Check out and install the dev dependencies

# assume HTTPS, adjust for SSH
git clone https://github.com/microsoft/sammo.git
cd sammo
poetry install --with dev

Set up pre-commit hooks

poetry run pre-commit install

Show the configured tasks available through the Poe runner:

poetry run poe

Running Tests#

The pytest tests can be run using the following command

poetry run poe test

arguments can be appended (ie for verbose mode)

poetry run poe test -v

Running Type Checks#

poetry run poe type-check

Building and previewing documentation#

This project uses Jupyter Book for documentation. The documentation configuration and contents are contained in the docs folder.

To build the documentation, run the following command:

poetry run poe build-docs

to preview it using Python’s built-in HTTP server, run:

poetry run poe serve-docs

This will open a server accessible at http://localhost:8000 to preview the documentation site. You can change the host and port as needed (these arguments just pass through to the call to http.server):

poetry run poe serve-docs -b 0.0.0.0 8001

PR workflow#

All changes must come through a pull request on a feature branch.

  1. If there isn’t an existing issue for your change, please make one

  2. Ensure your local main branch is up to date

  3. Create a new branch to hold your changes. Suggested branch naming convention is <your github user>/<a short description of your changes>. For example pbourke/update-contributor-docs.

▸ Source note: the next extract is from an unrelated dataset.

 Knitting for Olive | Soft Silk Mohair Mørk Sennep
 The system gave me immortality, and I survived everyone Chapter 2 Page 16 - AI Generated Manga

  4. Run poetry version. If the current version is not a pre-release (ie 0.1.0.6 vs 0.1.0.6rc0), then bump to the next pre-release version:

    # example version bump
    $ poetry version
    sammo 0.1.0.6
    $ poetry version 0.1.0.7rc0
    Bumping version from 0.1.0.6 to 0.1.0.7rc0
    
  5. Make your changes and commit to your feature branch.

  6. Push to GitHub as appropriate (to your fork for non-maintainers)

  7. Open a Pull Request to the project and reference the associated issue from your PR

  8. GitHub Actions will run automated checks and tests

  9. When you’re ready, request review from the maintainers

Release Process#

The following instructions are for maintainers

  1. Each release should begin with a PR to (at the least) update the version from pre-release to final

  2. Decide on the new version number by following Semantic Versioning principles

  3. After the release PR is merged, the release can be made from the main branch. Each release is given a tag on the main branch with the version number (this happens automatically via the GH release mechanism)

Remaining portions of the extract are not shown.